Data extract –
--- START ---

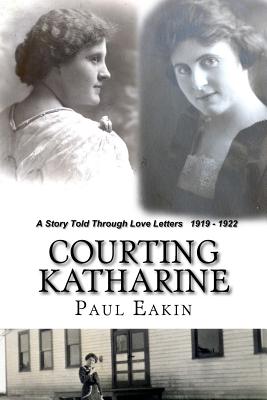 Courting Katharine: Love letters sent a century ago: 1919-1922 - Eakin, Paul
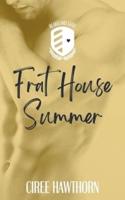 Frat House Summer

--- END ---
--- START ---

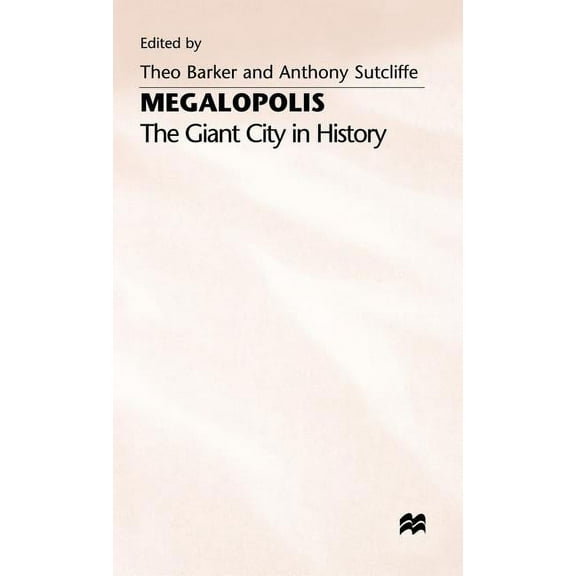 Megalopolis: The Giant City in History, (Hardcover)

--- END ---
--- START ---

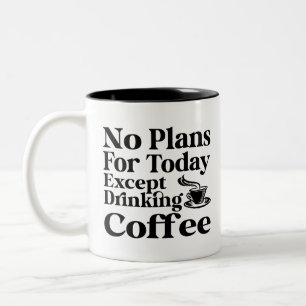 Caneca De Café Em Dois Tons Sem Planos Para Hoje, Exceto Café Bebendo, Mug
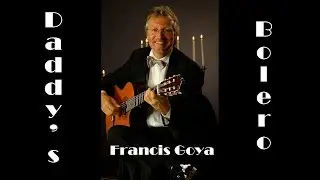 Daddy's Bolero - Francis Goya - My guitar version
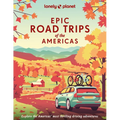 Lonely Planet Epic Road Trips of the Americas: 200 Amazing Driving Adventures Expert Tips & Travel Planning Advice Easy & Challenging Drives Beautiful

--- END ---

Exercise description – Above are some records; extract exactly the lines from the one containing "Courting Katharine: Love" through the one containing "Frat House Summer" and drop the pictures.

Expected output –
 Courting Katharine: Love letters sent a century ago: 1919-1922 - Eakin, Paul
 Frat House Summer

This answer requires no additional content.